====== Provided records ======
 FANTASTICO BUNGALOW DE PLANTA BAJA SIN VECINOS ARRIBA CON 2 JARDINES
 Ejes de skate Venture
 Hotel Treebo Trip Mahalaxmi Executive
======
====== Provided records ======
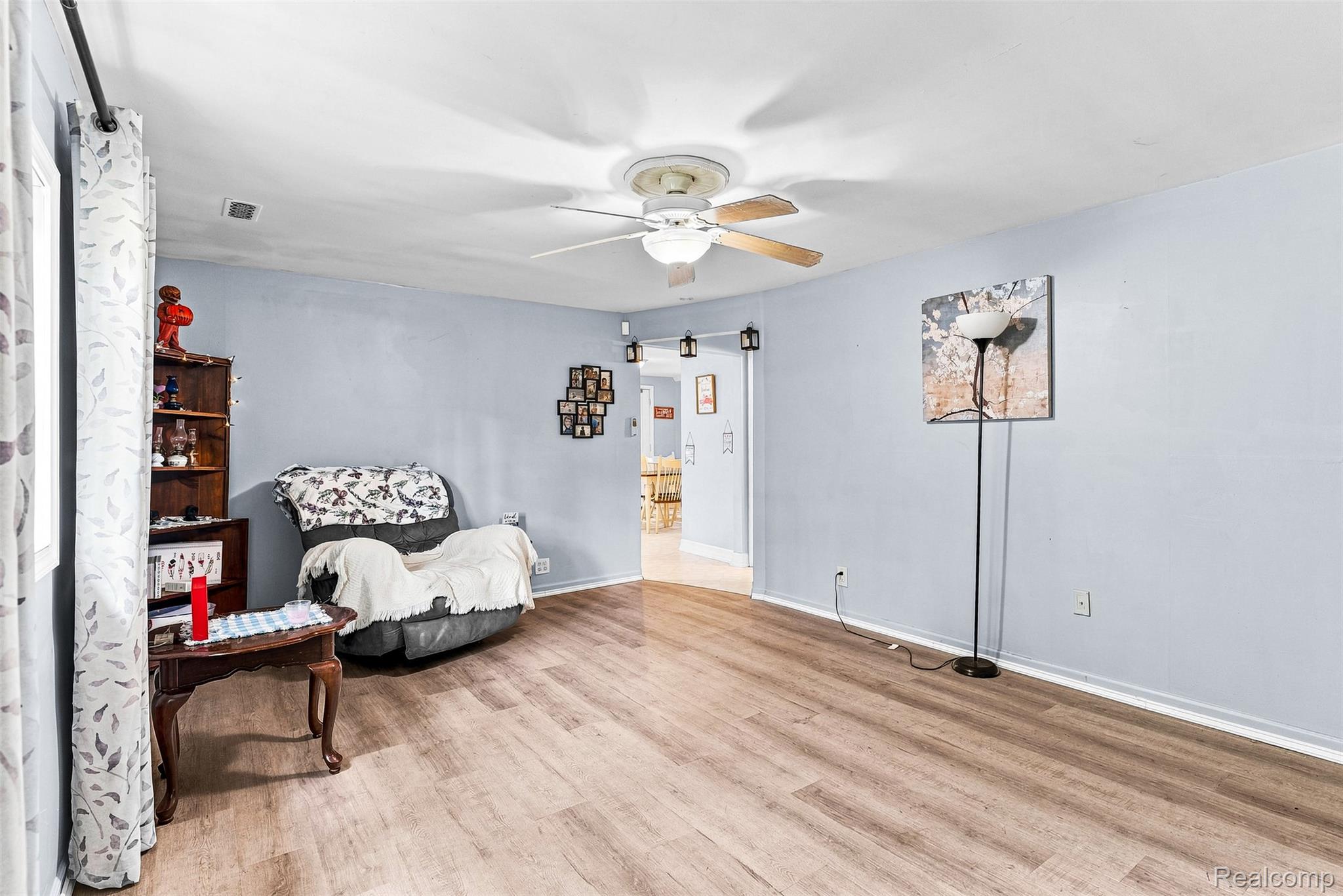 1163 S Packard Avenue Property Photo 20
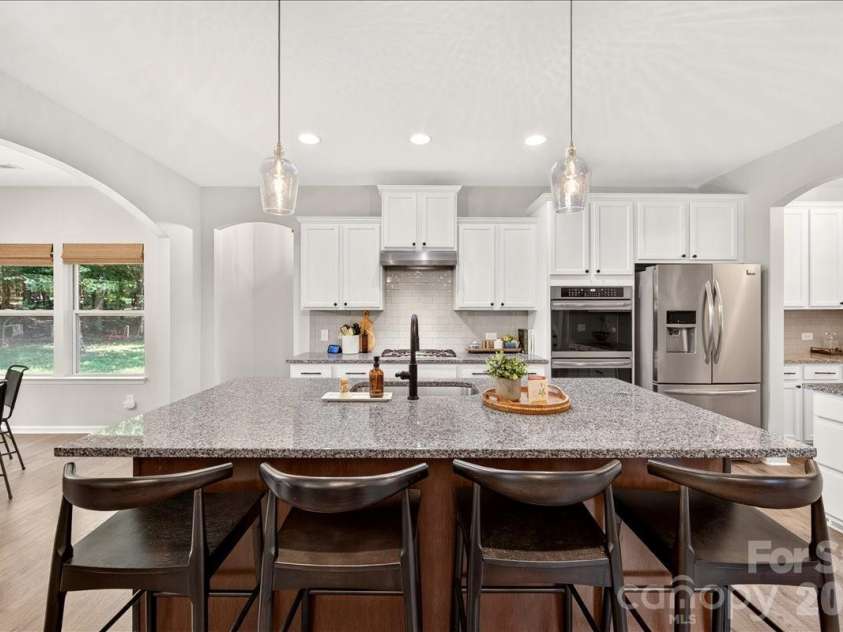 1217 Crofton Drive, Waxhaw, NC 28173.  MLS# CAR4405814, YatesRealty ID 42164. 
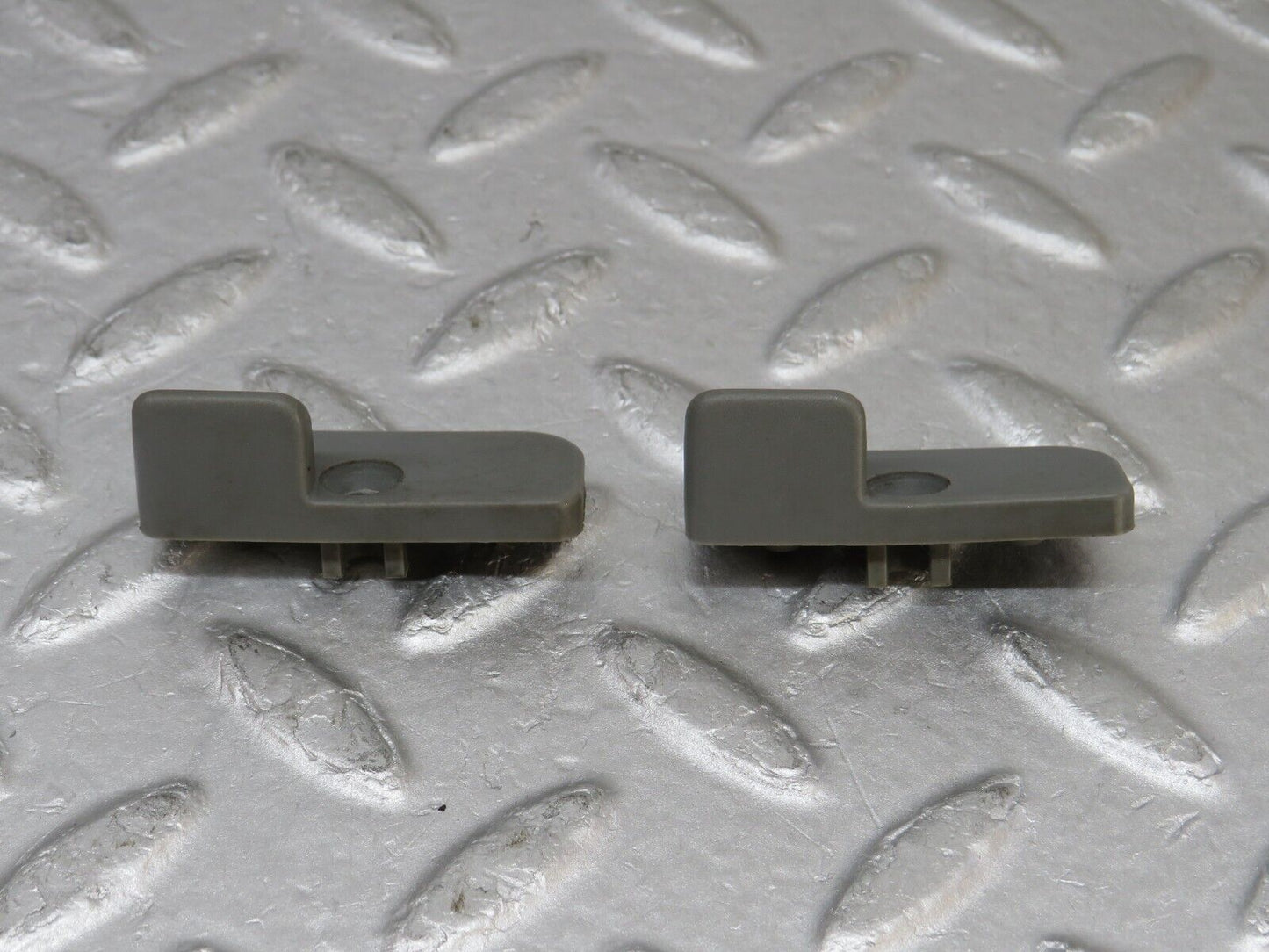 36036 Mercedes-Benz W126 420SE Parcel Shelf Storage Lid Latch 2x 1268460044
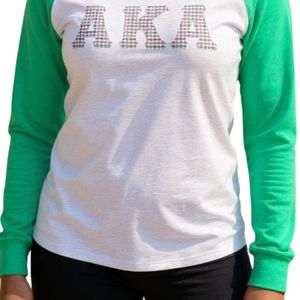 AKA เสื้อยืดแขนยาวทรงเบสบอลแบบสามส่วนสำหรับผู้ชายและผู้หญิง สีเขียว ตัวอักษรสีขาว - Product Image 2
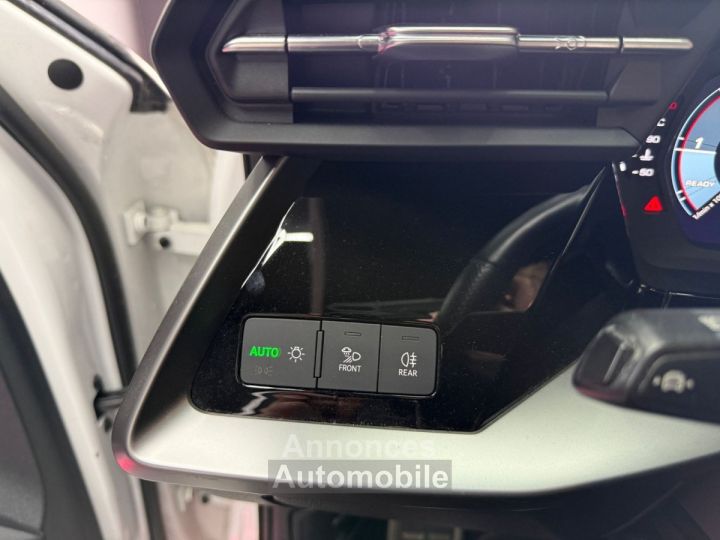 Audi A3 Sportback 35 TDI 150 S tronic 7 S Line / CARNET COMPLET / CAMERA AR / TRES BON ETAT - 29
======
Task directions:
Write back word for word every line in the entries above from the one with "1217 Crofton Drive, Waxhaw, NC" to the one with "Audi A3 Sportback", ends included, and none of the pictures.

Completed task:
 1217 Crofton Drive, Waxhaw, NC 28173.  MLS# CAR4405814, YatesRealty ID 42164. 
 36036 Mercedes-Benz W126 420SE Parcel Shelf Storage Lid Latch 2x 1268460044
 AKA เสื้อยืดแขนยาวทรงเบสบอลแบบสามส่วนสำหรับผู้ชายและผู้หญิง สีเขียว ตัวอักษรสีขาว - Product Image 2
 Audi A3 Sportback 35 TDI 150 S tronic 7 S Line / CARNET COMPLET / CAMERA AR / TRES BON ETAT - 29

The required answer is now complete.